The task: The listing below must be repeated word for word, without its pictures.

Supplied material:
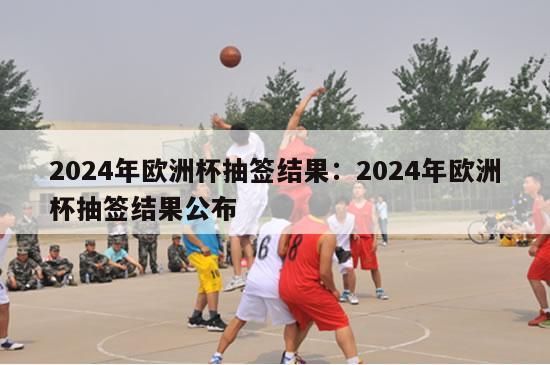 2024年欧洲杯抽签结果：2024年欧洲杯抽签结果公布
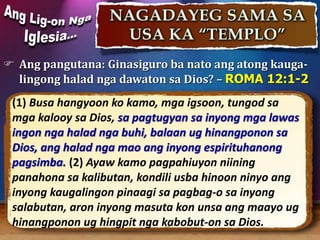  Ang pangutana: Ginasiguro ba nato ang atong kauga-
lingong halad nga dawaton sa Dios? – ROMA 12:1-2
(1) Busa hangyoon ko...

Answer section:
 2024年欧洲杯抽签结果：2024年欧洲杯抽签结果公布
  Ang pangutana: Ginasiguro ba nato ang atong kauga-
lingong halad nga dawaton sa Dios? – ROMA 12:1-2
(1) Busa hangyoon ko...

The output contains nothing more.